Problem
The exercise calls for the lines from the one containing "RADO R12431264" to the end of the data below to be output exactly, pictures excluded.
*** Exercise data Section Begins ***
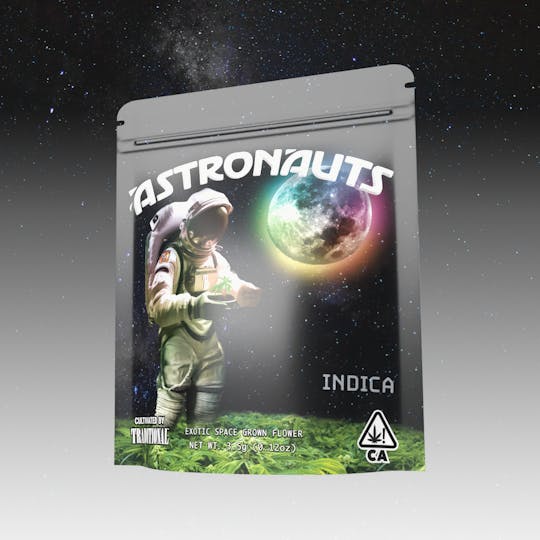 Astronauts - Space Jawbreakers 3.5g - 1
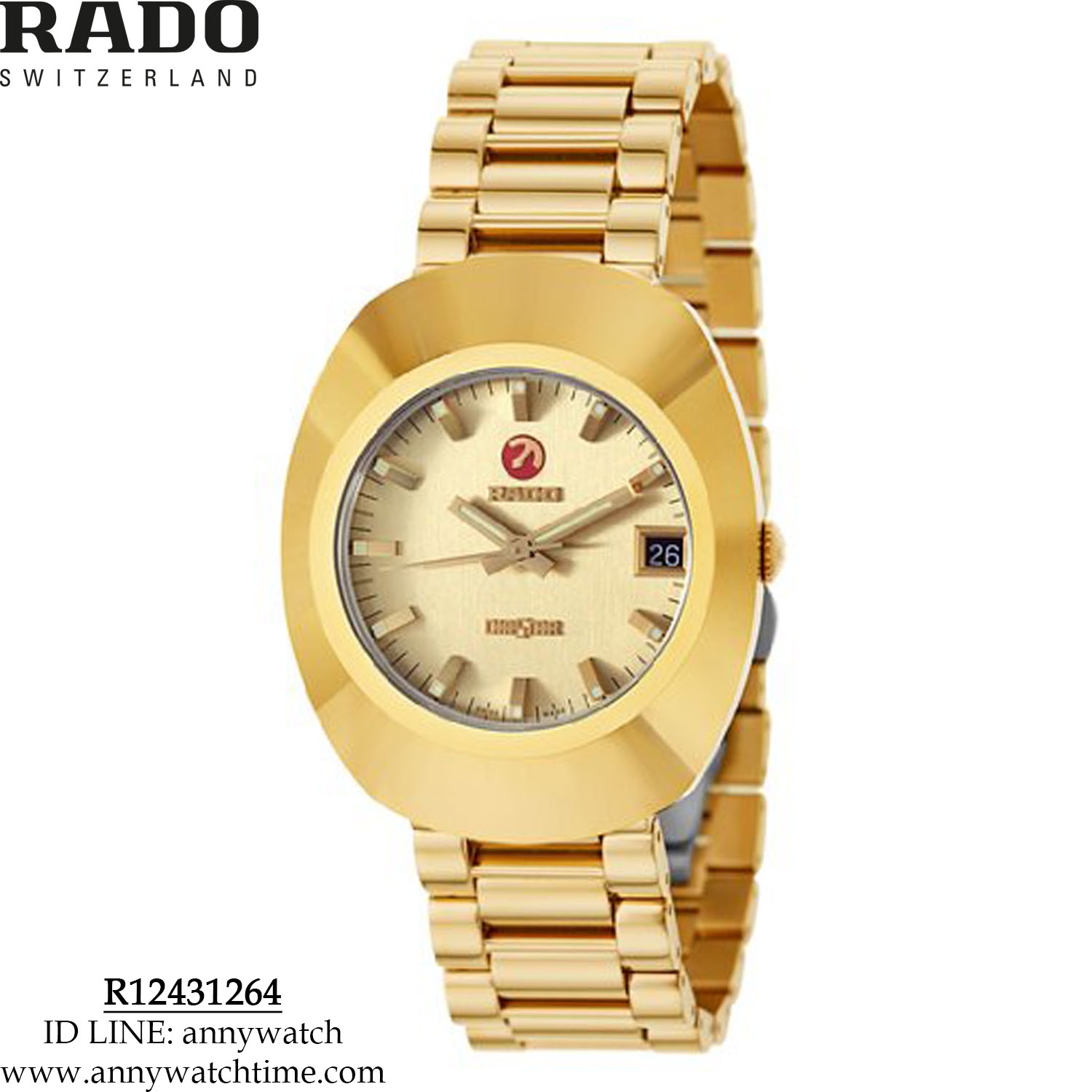 RADO R12431264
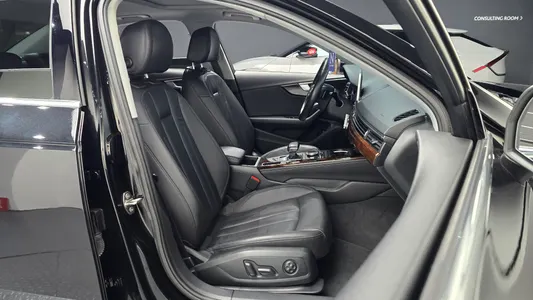Audi A4 (B9) 45 TFSI 2016 9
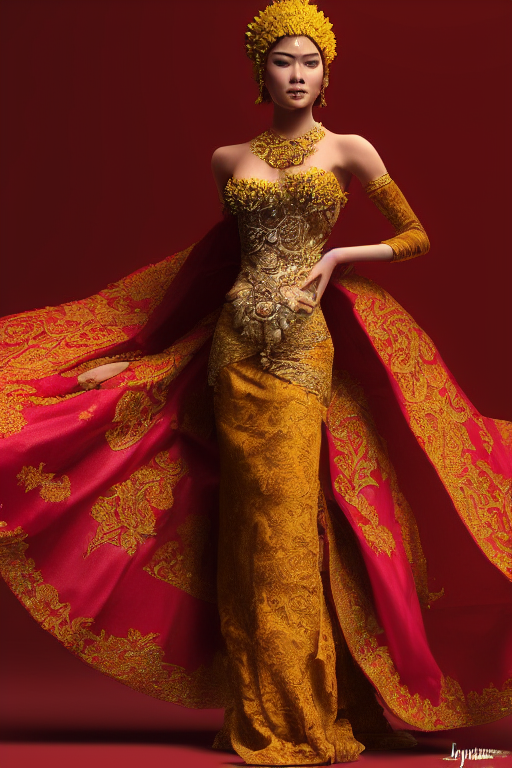 EdwinYacob_javanese_bride_full_body_human_female_wearing_kebaya_59ef0564-2ff9-40c7-ac02-f5828578e51f.png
*** Exercise data Section Ends ***
Response to the task
 RADO R12431264
Audi A4 (B9) 45 TFSI 2016 9
 EdwinYacob_javanese_bride_full_body_human_female_wearing_kebaya_59ef0564-2ff9-40c7-ac02-f5828578e51f.png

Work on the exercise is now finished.